Patterson was reacting to the decision of the Windies one-day team to abort their tour of India over a pay dispute with the West Indies Players' Association (WIPA).

However, Patterson said much of the blame resided with the WICB as it failed to engage the reform needed to streamline its governance of the game, reports CMC.

"It reflects a total collapse of a governance system and that has contributed to my hurt because when I was asked to look at the structure of governance of West Indies cricket, we made some far reaching recommendations," Patterson said.

"And had they been implemented they would have been spared much of the hurt and agony which we are now experiencing because the management for the way forward, required them and even more so, a skill set that begins with the Board, the constituent elements and must of course the players themselves."

Patterson was one of three eminent persons, including Alister McIntyre and Ian McDonald, commissioned by the WICB to examine the structure of West Indies cricket.

Among the 65 recommendations in the 138-page report delivered seven years ago, was a restructuring of the Board to reflect a reduction in the number of directors and a widening of stakeholder involvement.
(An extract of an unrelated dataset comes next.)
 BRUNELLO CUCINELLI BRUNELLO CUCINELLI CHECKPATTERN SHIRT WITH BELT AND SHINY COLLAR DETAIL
This is yet to be implemented.

Patterson said the situation in India had been upsetting.

"I regard what has happened in India as an act of final humiliation, not only for West Indies cricket but a betrayal of the West Indies cricket and it has left me with a deep feeling of hurt and anger," Patterson said.

With Grenada prime minister Keith Mitchell offering to intervene in the impasse, Patterson said he hoped all the relevant parties would take on board this proposition.

"I hope they will avail themselves of what he has to offer. I also note that a task force has been established to investigate what went wrong and I would rather await the report of that task force before engaging in any further comment."